TO DO:
Please transcribe exactly, and only, the lines of the data below between the line holding "NYT Strands Game" and the line holding "SSH COLLECTION Chizzel", inclusive.
===== GIVEN RECORDS
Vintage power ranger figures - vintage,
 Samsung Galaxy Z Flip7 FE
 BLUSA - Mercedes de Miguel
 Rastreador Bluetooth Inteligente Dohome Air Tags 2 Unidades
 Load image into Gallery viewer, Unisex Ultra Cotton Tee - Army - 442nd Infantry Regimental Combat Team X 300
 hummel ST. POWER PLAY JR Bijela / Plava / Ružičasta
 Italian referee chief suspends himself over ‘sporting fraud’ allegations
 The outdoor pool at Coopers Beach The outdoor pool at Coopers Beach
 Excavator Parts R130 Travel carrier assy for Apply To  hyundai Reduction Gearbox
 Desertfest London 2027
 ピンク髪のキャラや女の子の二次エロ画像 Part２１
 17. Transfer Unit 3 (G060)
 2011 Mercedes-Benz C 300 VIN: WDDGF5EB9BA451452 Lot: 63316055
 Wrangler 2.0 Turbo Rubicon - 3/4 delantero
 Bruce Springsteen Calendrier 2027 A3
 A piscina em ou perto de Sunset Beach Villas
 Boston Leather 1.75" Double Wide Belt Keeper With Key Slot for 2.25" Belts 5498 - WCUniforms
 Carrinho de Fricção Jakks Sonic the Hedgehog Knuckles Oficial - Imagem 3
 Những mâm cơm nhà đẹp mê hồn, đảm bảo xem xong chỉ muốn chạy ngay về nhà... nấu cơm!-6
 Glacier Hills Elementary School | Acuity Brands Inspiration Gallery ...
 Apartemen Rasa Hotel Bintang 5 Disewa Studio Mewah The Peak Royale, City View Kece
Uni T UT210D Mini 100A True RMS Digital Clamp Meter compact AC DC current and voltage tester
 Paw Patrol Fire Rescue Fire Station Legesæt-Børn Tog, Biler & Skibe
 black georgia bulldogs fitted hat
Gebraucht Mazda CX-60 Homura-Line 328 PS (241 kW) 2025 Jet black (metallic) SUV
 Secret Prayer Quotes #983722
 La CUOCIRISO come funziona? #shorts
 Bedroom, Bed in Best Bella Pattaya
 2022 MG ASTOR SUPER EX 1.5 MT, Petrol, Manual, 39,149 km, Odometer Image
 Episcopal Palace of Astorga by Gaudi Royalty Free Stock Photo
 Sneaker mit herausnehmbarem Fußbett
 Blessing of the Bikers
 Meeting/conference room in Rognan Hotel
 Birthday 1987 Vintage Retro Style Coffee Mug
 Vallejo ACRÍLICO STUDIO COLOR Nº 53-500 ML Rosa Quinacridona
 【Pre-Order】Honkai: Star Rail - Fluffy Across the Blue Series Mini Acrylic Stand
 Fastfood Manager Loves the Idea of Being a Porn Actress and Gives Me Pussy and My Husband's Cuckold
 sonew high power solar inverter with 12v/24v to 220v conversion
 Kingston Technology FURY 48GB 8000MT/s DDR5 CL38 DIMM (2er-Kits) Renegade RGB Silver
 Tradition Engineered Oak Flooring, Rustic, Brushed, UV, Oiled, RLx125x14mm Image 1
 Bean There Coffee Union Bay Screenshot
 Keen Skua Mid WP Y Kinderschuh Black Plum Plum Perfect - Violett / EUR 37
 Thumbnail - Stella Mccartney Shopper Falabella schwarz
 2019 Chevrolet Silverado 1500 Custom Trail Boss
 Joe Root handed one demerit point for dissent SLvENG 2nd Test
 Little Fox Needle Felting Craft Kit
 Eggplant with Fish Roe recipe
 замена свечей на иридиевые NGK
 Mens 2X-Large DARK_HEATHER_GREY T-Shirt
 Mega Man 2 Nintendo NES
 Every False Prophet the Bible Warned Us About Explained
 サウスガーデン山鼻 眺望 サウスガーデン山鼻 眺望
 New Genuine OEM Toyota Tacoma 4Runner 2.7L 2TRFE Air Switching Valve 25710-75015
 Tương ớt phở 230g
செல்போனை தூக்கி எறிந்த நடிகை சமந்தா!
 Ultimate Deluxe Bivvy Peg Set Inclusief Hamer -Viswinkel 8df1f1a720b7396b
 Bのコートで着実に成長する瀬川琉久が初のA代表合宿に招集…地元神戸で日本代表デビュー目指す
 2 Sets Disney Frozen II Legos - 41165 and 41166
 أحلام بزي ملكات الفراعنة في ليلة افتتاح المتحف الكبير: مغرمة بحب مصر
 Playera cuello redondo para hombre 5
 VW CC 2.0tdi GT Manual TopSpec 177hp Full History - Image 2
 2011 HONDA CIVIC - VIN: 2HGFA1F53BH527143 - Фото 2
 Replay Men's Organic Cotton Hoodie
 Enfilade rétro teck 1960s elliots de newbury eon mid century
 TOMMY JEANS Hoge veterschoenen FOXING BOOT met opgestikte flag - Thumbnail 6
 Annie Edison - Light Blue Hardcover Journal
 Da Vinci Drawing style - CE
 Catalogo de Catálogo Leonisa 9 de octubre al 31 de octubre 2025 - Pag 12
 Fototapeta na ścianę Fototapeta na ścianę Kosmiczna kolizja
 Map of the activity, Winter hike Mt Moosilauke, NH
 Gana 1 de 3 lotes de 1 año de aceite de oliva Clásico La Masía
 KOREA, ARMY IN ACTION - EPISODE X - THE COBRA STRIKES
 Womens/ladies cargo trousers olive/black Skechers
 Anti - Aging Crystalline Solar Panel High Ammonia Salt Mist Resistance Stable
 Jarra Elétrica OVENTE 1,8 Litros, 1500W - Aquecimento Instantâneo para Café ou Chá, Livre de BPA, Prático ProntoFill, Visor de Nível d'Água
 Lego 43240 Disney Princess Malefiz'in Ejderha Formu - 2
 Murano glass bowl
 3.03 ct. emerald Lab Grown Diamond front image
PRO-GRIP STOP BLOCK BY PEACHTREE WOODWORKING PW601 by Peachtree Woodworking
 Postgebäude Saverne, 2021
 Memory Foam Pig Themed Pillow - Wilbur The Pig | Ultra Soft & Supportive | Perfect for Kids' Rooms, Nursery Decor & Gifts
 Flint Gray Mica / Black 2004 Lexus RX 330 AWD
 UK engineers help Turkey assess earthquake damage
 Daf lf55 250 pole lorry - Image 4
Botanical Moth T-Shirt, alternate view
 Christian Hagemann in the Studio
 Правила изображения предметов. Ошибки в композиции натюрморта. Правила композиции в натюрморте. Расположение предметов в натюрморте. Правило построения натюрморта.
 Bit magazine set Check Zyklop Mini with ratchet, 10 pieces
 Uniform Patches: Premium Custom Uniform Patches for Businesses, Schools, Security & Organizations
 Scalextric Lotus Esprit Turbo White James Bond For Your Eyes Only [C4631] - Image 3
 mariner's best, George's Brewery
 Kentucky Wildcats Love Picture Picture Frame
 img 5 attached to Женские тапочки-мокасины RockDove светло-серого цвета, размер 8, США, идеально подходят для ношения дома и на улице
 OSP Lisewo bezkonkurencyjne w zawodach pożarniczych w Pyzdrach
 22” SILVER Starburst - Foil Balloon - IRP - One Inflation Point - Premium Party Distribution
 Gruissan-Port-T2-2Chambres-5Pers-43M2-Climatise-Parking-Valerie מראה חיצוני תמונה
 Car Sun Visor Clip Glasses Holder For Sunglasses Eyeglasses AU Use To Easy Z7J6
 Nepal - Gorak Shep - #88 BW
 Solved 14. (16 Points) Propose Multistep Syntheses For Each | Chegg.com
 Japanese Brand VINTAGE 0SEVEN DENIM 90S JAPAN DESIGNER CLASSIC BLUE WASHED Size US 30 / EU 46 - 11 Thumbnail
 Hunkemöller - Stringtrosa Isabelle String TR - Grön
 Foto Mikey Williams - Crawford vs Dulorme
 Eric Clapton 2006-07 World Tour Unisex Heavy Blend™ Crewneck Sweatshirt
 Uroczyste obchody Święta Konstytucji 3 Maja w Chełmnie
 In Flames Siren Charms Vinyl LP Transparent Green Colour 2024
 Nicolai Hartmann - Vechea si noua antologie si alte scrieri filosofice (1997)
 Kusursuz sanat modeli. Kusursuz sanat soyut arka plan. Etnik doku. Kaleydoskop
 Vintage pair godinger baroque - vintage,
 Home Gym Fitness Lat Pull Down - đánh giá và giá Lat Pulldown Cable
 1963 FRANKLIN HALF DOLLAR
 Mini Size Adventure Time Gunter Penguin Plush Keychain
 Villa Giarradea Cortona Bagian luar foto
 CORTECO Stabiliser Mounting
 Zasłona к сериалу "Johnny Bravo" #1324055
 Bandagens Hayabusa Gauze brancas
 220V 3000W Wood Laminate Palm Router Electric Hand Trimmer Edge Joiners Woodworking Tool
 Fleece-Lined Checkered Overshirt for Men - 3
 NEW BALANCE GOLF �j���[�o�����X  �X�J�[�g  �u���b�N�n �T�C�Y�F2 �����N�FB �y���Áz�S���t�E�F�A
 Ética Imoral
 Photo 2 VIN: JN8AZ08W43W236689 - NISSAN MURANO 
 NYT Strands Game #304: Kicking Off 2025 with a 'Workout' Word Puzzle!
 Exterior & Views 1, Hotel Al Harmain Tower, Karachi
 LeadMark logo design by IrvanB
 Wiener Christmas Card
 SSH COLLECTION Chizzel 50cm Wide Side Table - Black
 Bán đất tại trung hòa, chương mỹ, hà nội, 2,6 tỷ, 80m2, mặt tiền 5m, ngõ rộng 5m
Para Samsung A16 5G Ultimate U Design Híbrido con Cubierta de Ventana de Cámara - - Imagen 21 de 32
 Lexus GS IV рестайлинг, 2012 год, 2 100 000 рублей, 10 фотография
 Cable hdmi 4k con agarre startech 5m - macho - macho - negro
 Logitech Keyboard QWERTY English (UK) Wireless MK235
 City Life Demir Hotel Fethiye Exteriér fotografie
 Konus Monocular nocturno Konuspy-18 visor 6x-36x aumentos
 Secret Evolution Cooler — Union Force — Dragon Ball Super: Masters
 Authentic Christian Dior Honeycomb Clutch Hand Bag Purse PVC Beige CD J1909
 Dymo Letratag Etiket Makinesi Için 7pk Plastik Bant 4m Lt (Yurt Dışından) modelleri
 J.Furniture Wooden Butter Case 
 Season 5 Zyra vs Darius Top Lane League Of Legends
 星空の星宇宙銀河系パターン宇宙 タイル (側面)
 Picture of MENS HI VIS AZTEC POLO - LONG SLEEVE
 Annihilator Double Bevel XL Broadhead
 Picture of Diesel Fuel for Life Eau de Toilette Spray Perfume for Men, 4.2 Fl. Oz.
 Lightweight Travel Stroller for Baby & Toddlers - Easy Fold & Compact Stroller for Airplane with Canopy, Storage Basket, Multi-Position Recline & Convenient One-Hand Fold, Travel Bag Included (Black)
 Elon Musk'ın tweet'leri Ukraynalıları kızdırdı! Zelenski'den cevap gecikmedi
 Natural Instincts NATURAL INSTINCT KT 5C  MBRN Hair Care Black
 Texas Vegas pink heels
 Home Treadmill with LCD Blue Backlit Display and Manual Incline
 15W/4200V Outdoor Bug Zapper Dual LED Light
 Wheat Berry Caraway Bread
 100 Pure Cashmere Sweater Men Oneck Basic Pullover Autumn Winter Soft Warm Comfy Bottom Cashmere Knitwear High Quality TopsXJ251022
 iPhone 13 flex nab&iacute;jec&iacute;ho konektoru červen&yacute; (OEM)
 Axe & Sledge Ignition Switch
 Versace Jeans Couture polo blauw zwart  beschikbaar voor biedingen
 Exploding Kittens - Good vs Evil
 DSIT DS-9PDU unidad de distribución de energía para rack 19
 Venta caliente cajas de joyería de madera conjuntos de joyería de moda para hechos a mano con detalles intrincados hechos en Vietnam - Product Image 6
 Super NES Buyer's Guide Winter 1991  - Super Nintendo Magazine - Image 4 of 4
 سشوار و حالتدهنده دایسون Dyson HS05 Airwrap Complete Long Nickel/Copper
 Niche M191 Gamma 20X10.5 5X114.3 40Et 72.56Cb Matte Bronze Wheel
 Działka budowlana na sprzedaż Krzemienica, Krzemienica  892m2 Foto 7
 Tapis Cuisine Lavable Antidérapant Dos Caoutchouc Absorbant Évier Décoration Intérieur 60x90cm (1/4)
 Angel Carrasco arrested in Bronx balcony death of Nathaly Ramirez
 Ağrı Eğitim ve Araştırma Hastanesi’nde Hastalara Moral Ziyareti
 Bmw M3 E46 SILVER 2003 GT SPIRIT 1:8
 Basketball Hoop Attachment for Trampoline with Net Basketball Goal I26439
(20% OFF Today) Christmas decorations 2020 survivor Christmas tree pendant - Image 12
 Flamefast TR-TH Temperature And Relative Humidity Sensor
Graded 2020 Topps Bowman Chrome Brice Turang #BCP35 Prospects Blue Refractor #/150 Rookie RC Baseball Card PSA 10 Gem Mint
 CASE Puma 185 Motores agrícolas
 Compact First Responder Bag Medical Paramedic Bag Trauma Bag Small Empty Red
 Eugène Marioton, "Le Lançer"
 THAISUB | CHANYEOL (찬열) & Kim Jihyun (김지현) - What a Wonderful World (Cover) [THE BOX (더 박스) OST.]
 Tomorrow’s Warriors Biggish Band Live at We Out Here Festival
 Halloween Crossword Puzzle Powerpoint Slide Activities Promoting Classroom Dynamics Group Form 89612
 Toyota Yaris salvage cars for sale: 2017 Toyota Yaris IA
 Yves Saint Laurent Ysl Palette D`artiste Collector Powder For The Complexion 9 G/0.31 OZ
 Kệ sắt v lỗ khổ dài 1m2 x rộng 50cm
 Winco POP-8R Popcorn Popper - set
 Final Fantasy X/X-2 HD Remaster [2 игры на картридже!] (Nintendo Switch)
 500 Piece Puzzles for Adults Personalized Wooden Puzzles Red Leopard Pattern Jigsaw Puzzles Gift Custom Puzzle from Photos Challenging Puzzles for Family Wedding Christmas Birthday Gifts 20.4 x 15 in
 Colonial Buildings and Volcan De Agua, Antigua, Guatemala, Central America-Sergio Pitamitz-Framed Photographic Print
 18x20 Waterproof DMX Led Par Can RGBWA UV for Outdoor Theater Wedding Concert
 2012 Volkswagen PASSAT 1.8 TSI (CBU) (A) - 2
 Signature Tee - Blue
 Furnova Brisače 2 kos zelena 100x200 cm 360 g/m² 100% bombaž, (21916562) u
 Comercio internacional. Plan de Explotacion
==========
TASK RESULT:
 NYT Strands Game #304: Kicking Off 2025 with a 'Workout' Word Puzzle!
 Exterior & Views 1, Hotel Al Harmain Tower, Karachi
 LeadMark logo design by IrvanB
 Wiener Christmas Card
 SSH COLLECTION Chizzel 50cm Wide Side Table - Black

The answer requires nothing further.